◆ Problem requirements
The lines to retype run from the one containing "2013 BMW 6 Series" through the end of the listing below. Reproduce them exactly, leaving out pictures.

= = =

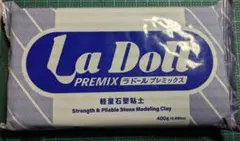 Item thumbnail for item 475188ec-f12c-444f-adc3-310694d8d1e2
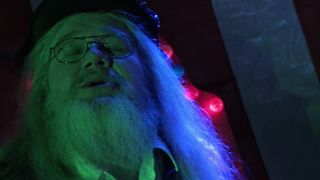 Cayt Feinics, Dilynn Fawn Harvey, Rachel Lagen - Clownado (2019)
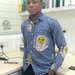John Atanga: photo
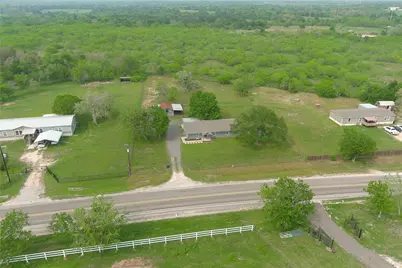 3363 Fm 713, Lockhart, TX 78644 - Photo 20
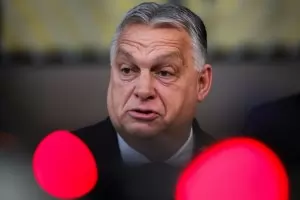 Унгария атакува авторитетна световна антикорупционна организация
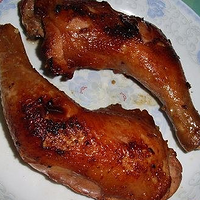 ��Ƥ��ȫ��+����ϺƤ����ţ����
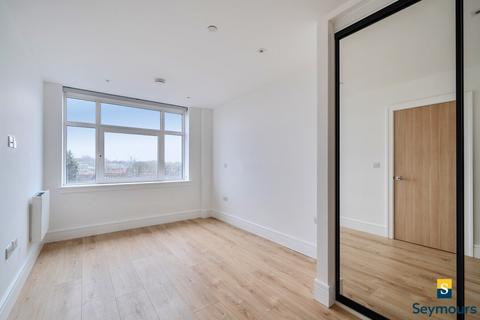 undefined, 40-48 Pyrcroft Road, Chertsey KT16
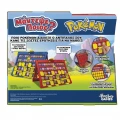 HASBRO ΜΑΝΤΕΨΕ ΠΟΙΟΣ POKEMON G3348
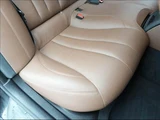 2013 BMW 6 Series 640i Coupe Coupe for sale, Japanese used car export - photo 41 of 50 | GULJI TRADERS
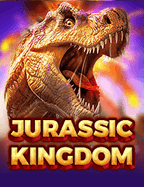 สูตรเล่น king999 casino เพื่อรับเงินรางวัลมากกว่าเดิม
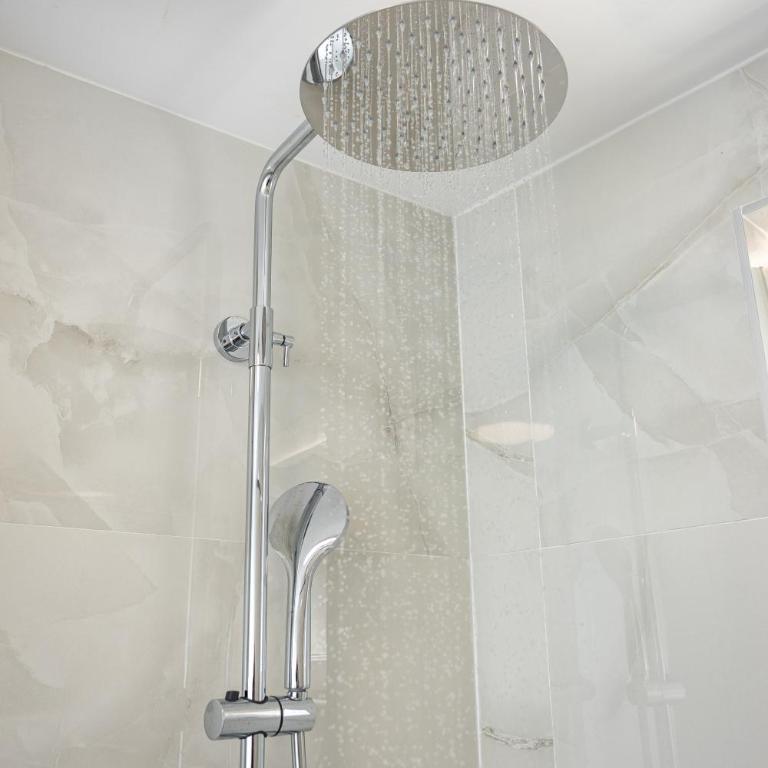 Apartman Dalija - Two-Bedroom Superior Apartment - 43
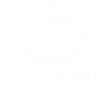 阿依林海风景区【官方网站】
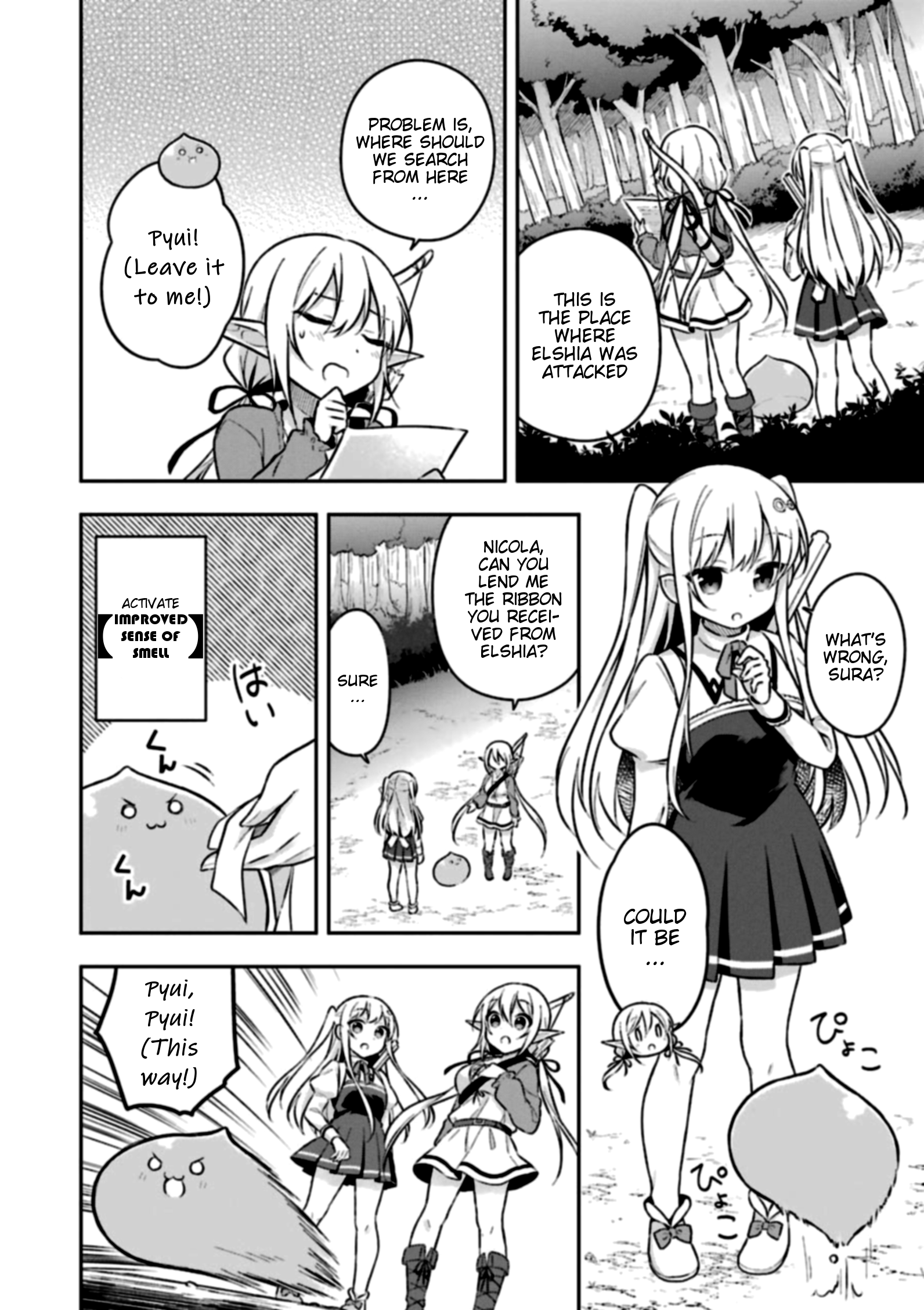 Page 18 of Chapter 3
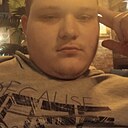 Знакомства: Данил, 22 года, Пермь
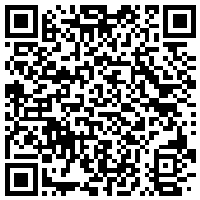 QR Code for bitcoin:bitcoin:bitcoin:bitcoin:bitcoin:bitcoin:dash:Xf6KpZKHSjvTrdp3brbCdMMchwgvPLQgMT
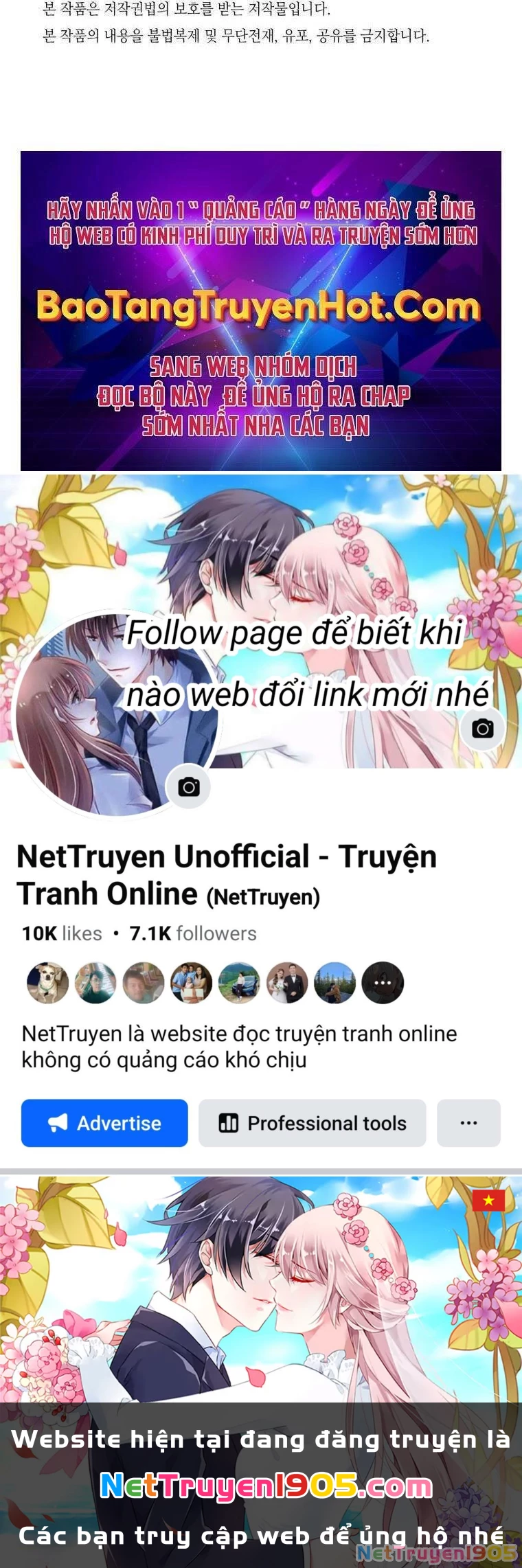 Ma Nhân Hoa Sơn Chapter 18 - 157
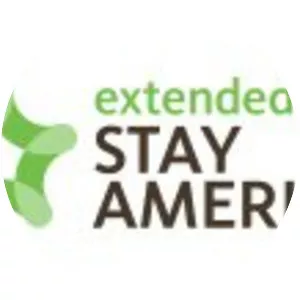 Extended Stay America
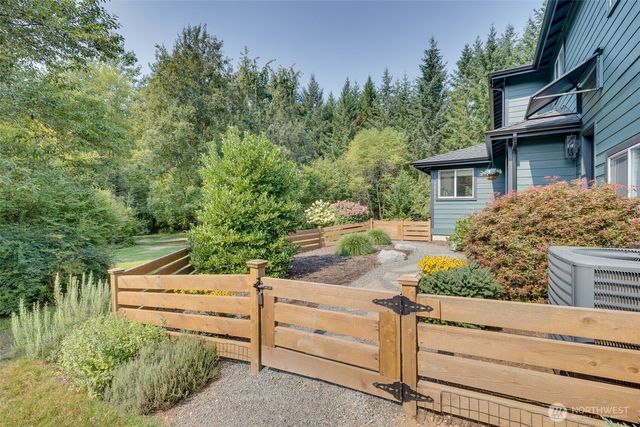 17922 78th Street NE, Granite Falls, WA 98252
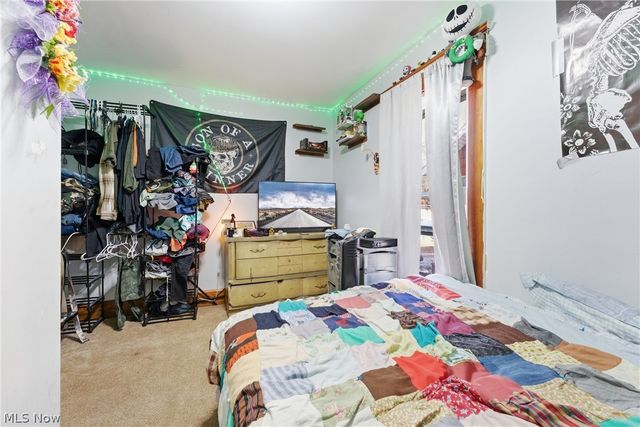 1221 North Avenue NE, Massillon, OH 44646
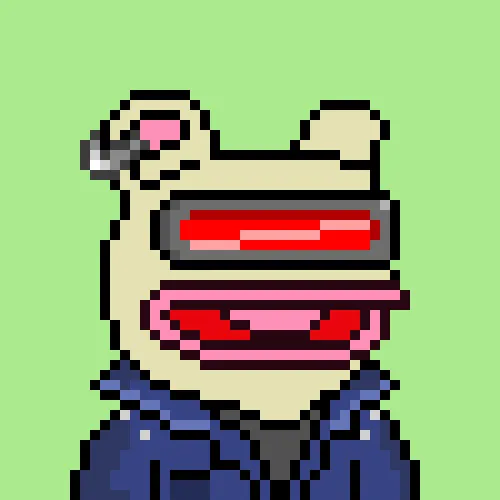 Item #8764 Media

= = =

◆ Response below
 2013 BMW 6 Series 640i Coupe Coupe for sale, Japanese used car export - photo 41 of 50 | GULJI TRADERS
 สูตรเล่น king999 casino เพื่อรับเงินรางวัลมากกว่าเดิม
 Apartman Dalija - Two-Bedroom Superior Apartment - 43
 阿依林海风景区【官方网站】
 Page 18 of Chapter 3
 Знакомства: Данил, 22 года, Пермь
 QR Code for bitcoin:bitcoin:bitcoin:bitcoin:bitcoin:bitcoin:dash:Xf6KpZKHSjvTrdp3brbCdMMchwgvPLQgMT
 Ma Nhân Hoa Sơn Chapter 18 - 157
 Extended Stay America
 17922 78th Street NE, Granite Falls, WA 98252
 1221 North Avenue NE, Massillon, OH 44646
 Item #8764 Media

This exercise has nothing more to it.